# Equilibrium points of bounce/instanton solution after Wick's rotation

In Coleman's paper Fate of the false vacuum: Semiclassical theory while working out the exponential coefficient for tunneling probability through a potential barrier, he studies the problem with Wick's rotation $$\tau=it$$, getting to the Euclidean Lagrangian

$$L_E = \frac{1}{2}\left(\frac{dq}{d\tau}\right)^2+V(q),\tag{2.14}$$

where clearly the potential is inverted. The potential as given in the paper is this

He then states that from conservation of energy formula

$$\frac{1}{2}\left(\frac{dq}{d\tau}\right)^2-V=0.$$

i quote

"By eq. (2.12)"-the conservation of energy-"the classical equilibrium point, $$q_0$$, can only be reached asymptotically, as $$\tau$$ goes to minus infinity" $$\lim_{\tau\rightarrow-\infty}q = q_0.\tag{2.15}$$

• Q1. Why is this true? How you define infinity for a complex number?

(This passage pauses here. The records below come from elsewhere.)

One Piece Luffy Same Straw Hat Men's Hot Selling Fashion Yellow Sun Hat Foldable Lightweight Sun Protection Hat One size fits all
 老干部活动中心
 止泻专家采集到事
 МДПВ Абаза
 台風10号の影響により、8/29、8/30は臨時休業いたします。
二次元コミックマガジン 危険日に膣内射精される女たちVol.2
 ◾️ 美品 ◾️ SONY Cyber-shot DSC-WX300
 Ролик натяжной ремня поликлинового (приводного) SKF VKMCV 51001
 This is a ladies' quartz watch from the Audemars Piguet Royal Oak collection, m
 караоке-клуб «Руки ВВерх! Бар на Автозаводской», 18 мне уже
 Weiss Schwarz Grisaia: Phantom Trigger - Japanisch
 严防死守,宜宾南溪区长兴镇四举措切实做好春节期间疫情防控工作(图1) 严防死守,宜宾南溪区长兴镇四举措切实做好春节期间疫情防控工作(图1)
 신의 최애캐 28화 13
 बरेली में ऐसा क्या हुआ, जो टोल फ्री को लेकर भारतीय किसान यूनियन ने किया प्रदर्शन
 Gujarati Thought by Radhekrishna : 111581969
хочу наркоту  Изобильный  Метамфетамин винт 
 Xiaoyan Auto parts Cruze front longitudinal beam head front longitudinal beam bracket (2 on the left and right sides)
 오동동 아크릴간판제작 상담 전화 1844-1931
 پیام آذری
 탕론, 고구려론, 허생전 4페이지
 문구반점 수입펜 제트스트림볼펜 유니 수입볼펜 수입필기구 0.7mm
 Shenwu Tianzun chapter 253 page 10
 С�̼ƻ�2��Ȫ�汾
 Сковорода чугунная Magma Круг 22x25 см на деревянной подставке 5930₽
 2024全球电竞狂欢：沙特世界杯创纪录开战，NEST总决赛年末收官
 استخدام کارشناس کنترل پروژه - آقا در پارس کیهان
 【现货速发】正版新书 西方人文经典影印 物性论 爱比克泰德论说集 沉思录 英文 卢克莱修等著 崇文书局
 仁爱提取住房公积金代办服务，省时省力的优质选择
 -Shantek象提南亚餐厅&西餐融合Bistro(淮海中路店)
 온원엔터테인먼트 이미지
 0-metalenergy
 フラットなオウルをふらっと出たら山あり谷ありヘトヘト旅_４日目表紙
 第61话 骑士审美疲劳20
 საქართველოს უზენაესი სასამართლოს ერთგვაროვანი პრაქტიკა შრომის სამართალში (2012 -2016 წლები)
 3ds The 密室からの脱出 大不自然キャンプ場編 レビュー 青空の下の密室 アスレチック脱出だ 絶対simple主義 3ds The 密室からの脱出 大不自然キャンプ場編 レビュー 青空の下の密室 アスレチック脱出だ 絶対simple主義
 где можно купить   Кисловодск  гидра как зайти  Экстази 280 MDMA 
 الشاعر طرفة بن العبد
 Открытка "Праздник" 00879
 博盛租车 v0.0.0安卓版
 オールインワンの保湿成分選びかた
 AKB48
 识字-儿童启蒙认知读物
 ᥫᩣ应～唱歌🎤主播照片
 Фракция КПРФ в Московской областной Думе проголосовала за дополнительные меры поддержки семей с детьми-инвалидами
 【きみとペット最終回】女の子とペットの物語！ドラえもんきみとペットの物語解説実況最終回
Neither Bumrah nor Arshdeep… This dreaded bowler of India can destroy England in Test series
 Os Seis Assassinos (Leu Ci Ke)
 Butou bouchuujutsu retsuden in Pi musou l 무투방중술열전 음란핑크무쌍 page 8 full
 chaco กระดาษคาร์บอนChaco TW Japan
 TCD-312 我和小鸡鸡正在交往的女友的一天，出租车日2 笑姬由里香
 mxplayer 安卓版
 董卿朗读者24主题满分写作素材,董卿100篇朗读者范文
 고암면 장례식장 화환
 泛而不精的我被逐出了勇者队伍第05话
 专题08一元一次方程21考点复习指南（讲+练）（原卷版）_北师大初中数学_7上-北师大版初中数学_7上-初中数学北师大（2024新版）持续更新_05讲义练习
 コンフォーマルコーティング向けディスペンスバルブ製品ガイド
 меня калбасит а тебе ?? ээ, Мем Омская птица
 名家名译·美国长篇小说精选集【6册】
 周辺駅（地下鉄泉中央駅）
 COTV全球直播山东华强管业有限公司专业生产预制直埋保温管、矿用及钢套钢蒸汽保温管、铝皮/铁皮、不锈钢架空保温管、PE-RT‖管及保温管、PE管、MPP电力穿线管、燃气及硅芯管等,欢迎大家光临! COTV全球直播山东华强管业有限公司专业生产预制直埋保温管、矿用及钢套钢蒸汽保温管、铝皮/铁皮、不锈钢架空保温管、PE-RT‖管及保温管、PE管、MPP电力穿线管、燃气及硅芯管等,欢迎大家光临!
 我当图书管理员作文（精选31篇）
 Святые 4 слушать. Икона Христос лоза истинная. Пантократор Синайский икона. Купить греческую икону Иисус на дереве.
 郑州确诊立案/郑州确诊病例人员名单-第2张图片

Then, by translation invariance, he sets the time at which the particle reaches $$\sigma$$ as $$\tau=0$$ and that

$$\left.\frac{dq}{d\tau}\right|_{0}=0.$$

He goes on by saying that this condition

"[...] also tells us that the motion of the particle for positive $$\tau$$ is just the time reversal of its motion for negative $$\tau$$; the particle simply bounces off $$\sigma$$ at $$\tau=0$$ and returns to $$q_0$$ at $$\tau=+\infty$$."

• Q2. Even this isn't very clear for me. Why should the condition for zero velocity at $$\sigma$$ imply that?

Is there something really basic that I'm missing? I'm not very competent in Wick's rotations and such and I have to understand every little bit of this paper for my bachelor's thesis.

• $\tau$ is real. That's why we call it a rotation -- otherwise it would just be a change of symbol, i.e., merely notation. – AccidentalFourierTransform Sep 8 at 12:52

1. Here we will work in the Euclidean$$^1$$ formulation, where Euclidean time $$\tau\in\mathbb{R}$$ is real. The potential is assumed to satisfy $$V(q_0)~=~0~=~V(\sigma) ,\tag{A}$$ cf. OP's figure. The bounce solution satisfies the following boundary conditions (BCs) $$\dot{q}(\tau_i)~=~0\quad \wedge\quad q(\tau_i)~=~q_0\quad \wedge\quad q(0)~=~\sigma,\tag{B}$$ where $$q\equiv |\vec{q}|$$ and dot means differentiation wrt. $$\tau$$.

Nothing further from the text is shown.